Дети – в тот день с ними почему-то не было никакого сладу – всё больше распускались, а когда, заигравшись в салочки, один ребенок, взмахнув рукой, случайно опрокинул на бетонный пол полное блюдо джолофа [65], еще трое малышей неудержимо захохотали. Никакое шиканье, никакие угрозы на них не действовали, и их смех, воспарив к потолку, журчал над скорбным сборищем, к немалому смущению их рассерженных родителей. Пару раз смех затихал, но затем кто-то из детей снова прыскал, а остальные трое, не в силах удержаться, подхватывали, и их резкий, волнообразный гогот затянулся надолго. Кому-то из слуг велели увести их на задворки, но и оттуда до нас еще минут пять, не меньше, доносилось их похохатывание – в них точно бесы вселились. Это происшествие заметно покоробило взрослых гостей, зато меня позабавило, и даже теперь, когда я думаю о событиях того дня, то все равно, хотя они подернуты горестной мглой, невольно благодарю ребятишек – а старшему из них не было и восьми, – за то, что в скоротечном приступе веселья они проветрили комнату, из которой чуть-чуть не высосали воздух погребальные обряды.

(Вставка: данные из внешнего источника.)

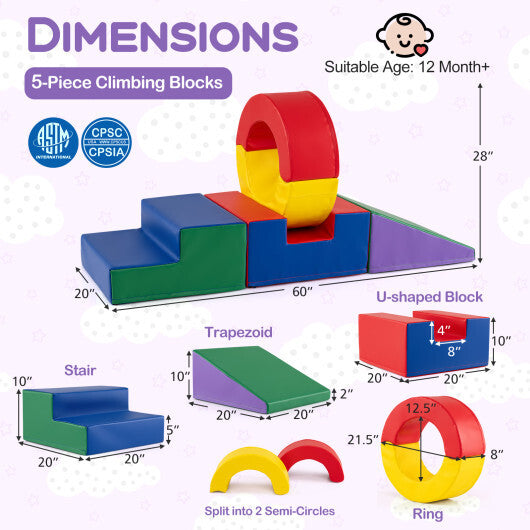 5 Pieces Kids Climbing Toys with PU Leather Cover-Multicolor W2B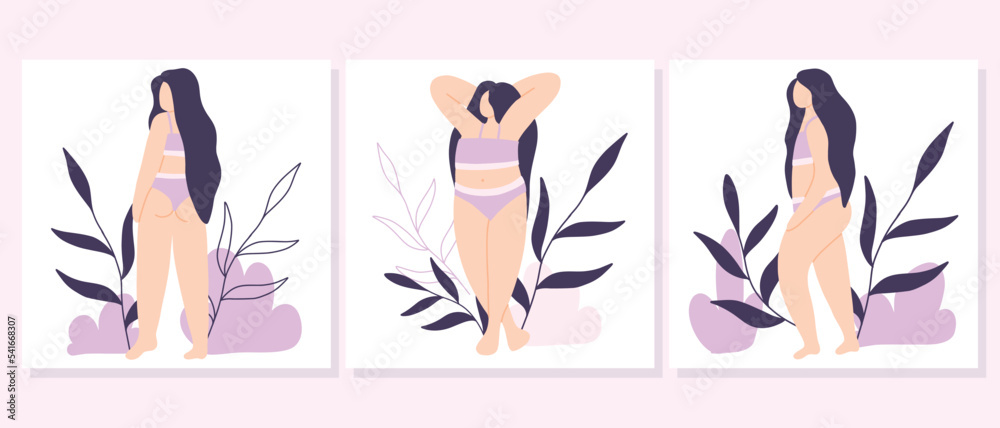 Set of bodypositive posters with a girl. Collection of postcards with a girl in lingerie. Flat style. Vector illustration.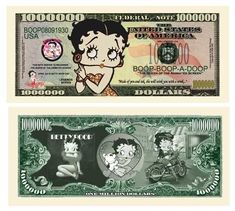 two bills with cartoon characters on them, one in green and the other in white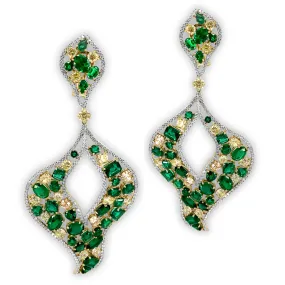 Important Emerald   Fancy Yellow and White Diamond Earrings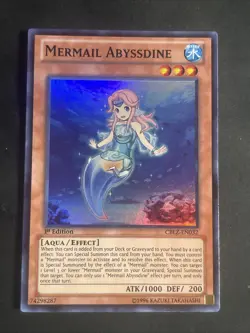 Yu-Gi-Oh! MERMAIL ABYSSDINE Super Rare 1st Edition CBLZ-EN032 MP - Image 1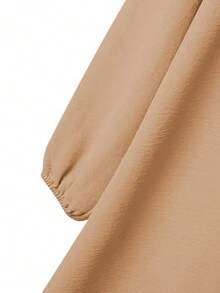 Women's Casual Modest Style Solid Color Round Neck Top With Loose Pants 2-Piece Set, Dignified And Appropriate Eid Spring - Khaki - View 5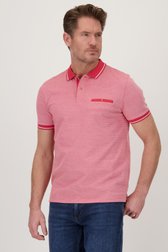 Polo rouge à col rayé de Dansaert Blue pour Hommes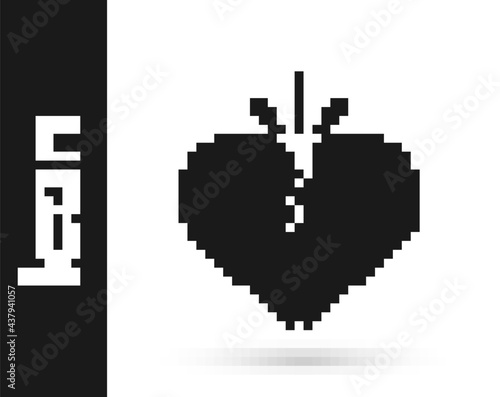 Black Broken heart or divorce icon isolated on white background. Love symbol. Valentines day. Vector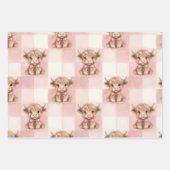 Checkered Highland Cow pink green blue Gift Wrap Geschenkpapier Set (Vorderseite)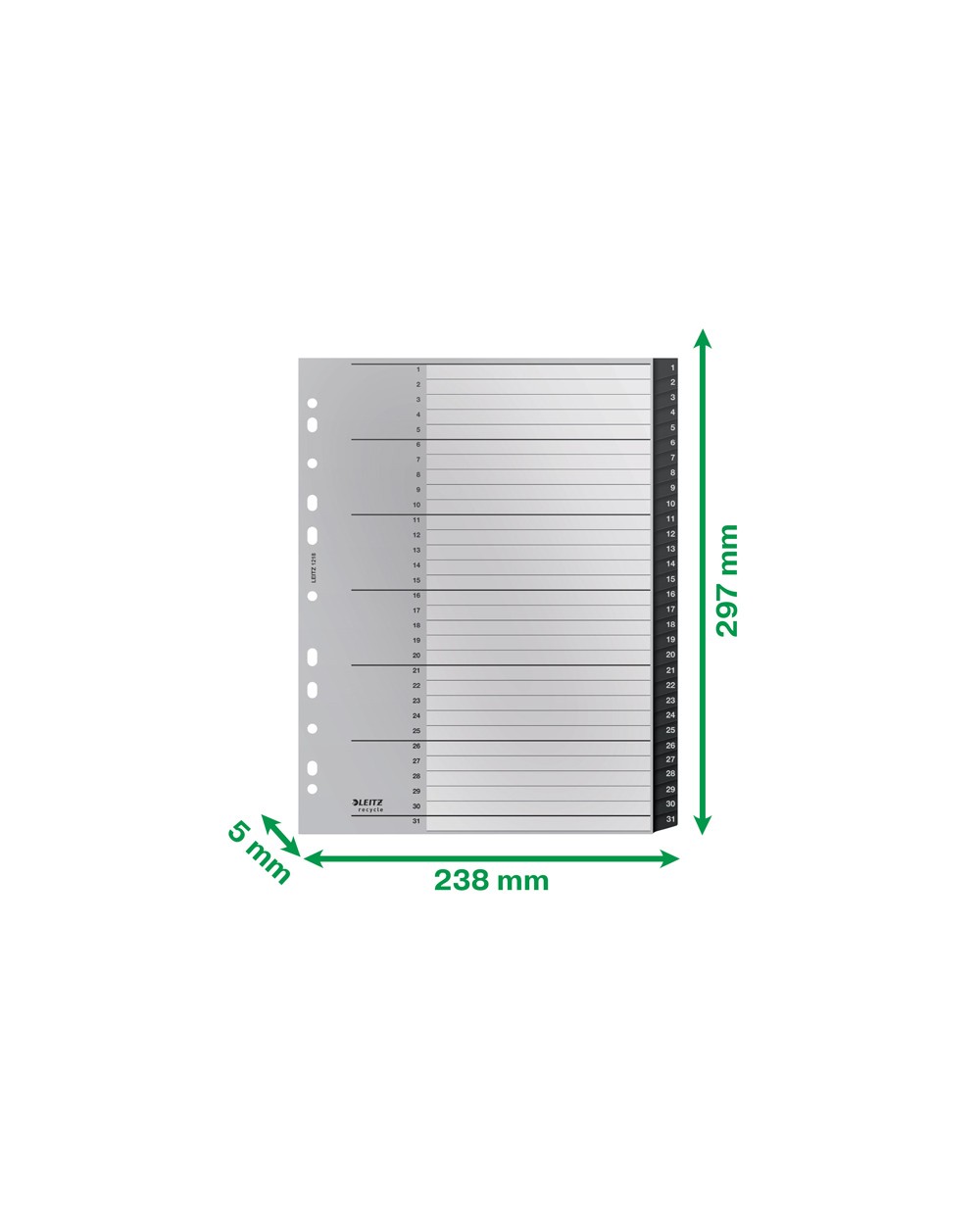 Separador numerico leitz recycle 1 31 din a4 maxi polipropileno reciclado 100 reciclable color negro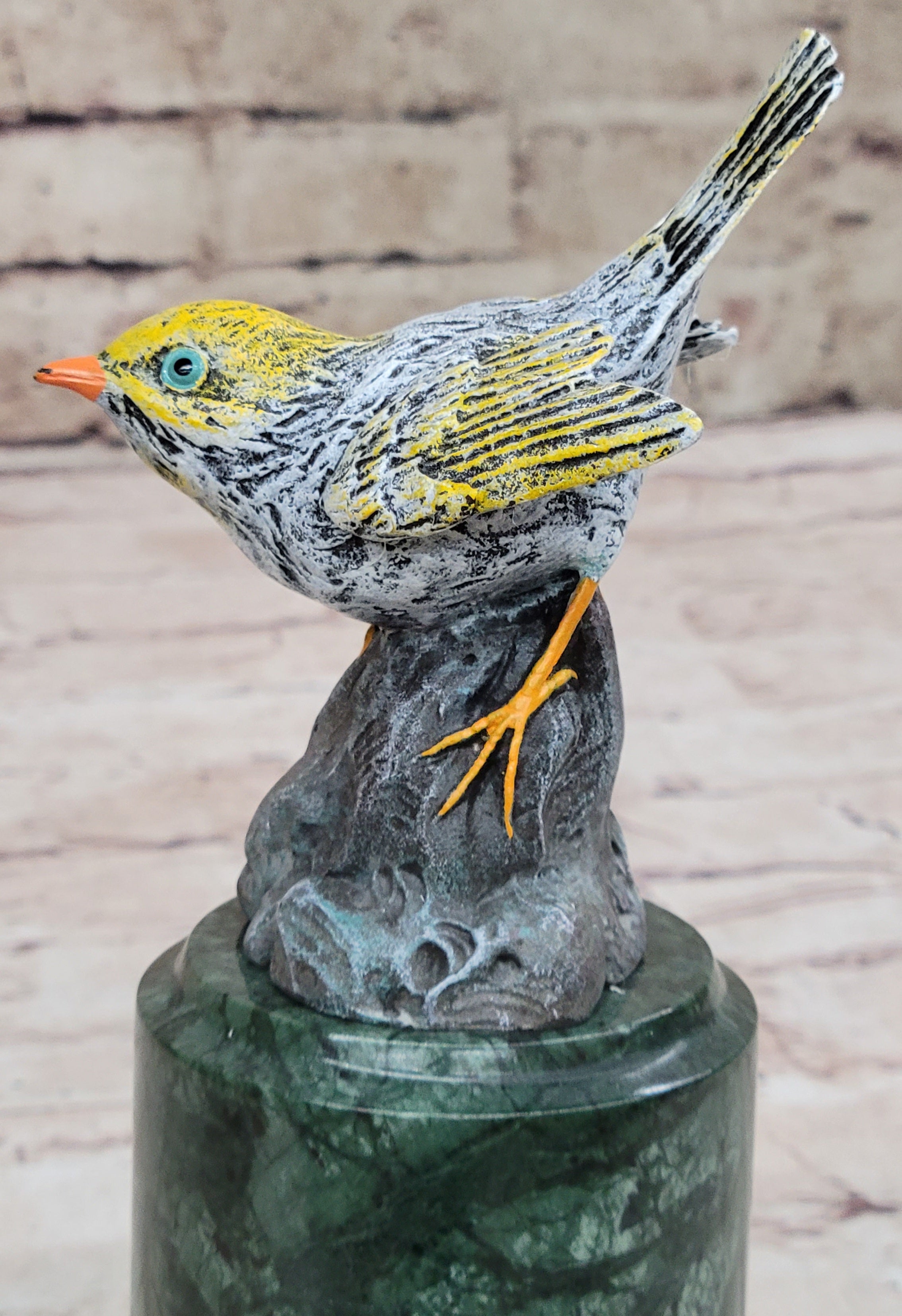 Colorful Bird Finch Swallow Bronze Sculpture on Green Marble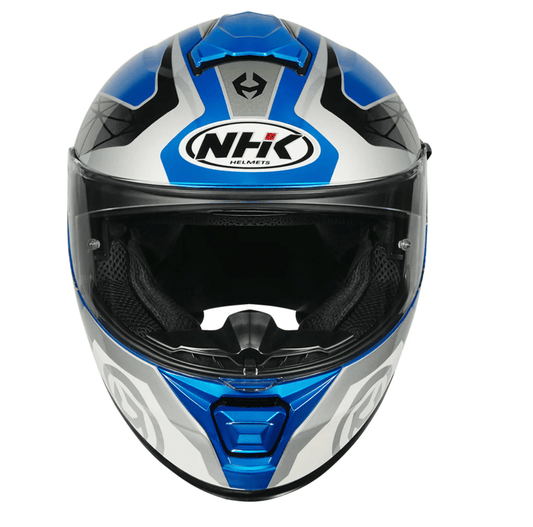 Motorcycle Full face helmet blue grey with white geometric graphic 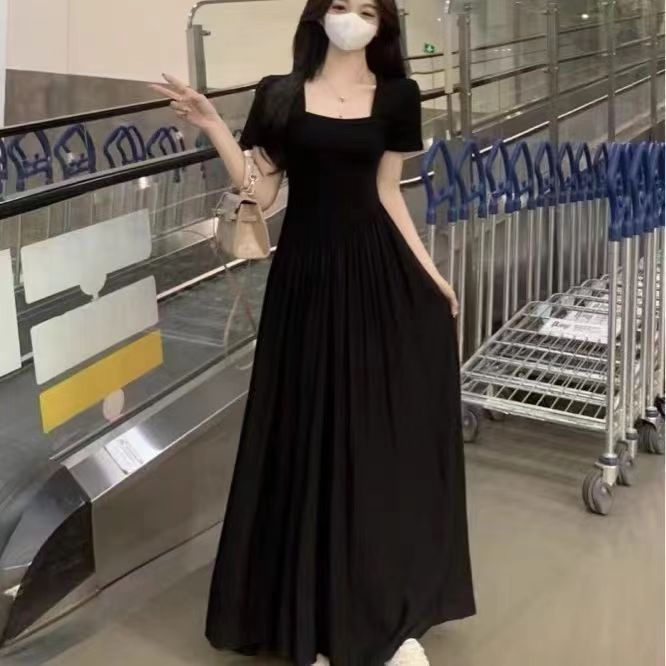 🌙ชุดเดรส,🌙ฤดูร้อน 2024ใหม่ Hepburn สไตล์แขนสั้นบางชุดผู้หญิงการออกแบบระดับไฮเอนด์ความรู้สึกเอว A-line กระโปรงยาว - รูปที่ 6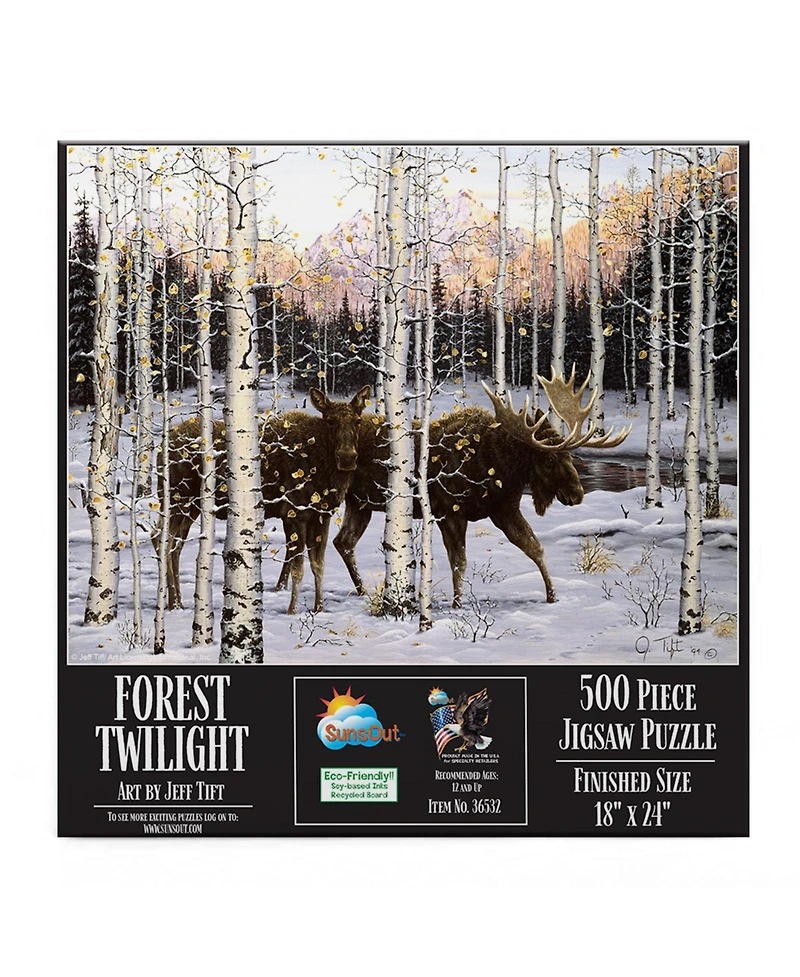SunsOut Forest Twilight 500-Piece Jigsaw Puzzle, Ages 15+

На момент похорон отца мне было четырнадцать – уже не ребенок. Воспоминания о том дне ненадежны, ведь это было публичное мероприятие, а значит, подчинялось интересам других людей. Но смерть отца публичной не была: кровать, на которой он лежал, всерьез называли «смертным ложем» (в ту минуту я поразился, ведь раньше мне казалось, что это чисто образное выражение). Но именно похороны я вспоминал больше, чем смерть. Только у открытой могилы меня накрыло это абсурдное ощущение завершенности, догадка, что он не выздоровеет, не вернется спустя несколько месяцев: ощущение, опустошившее меня. И, меж тем как я предавался возвышенным мыслям, приличествующим мальчику, который вот-вот станет мужчиной, меж тем я пестовал в себе стоицизм и решимость преодолеть горе, как подобает настоящему человеку, я заодно уступал и более ребяческим инстинктам: вот почему в мои воспоминания о том, что происходило у вырытой могилы, в фильм, крутившийся перед моим мысленным взором, пока над телом отца читали молитвы, просочились вурдалаки и зомби из «Триллера» Майкла Джексона.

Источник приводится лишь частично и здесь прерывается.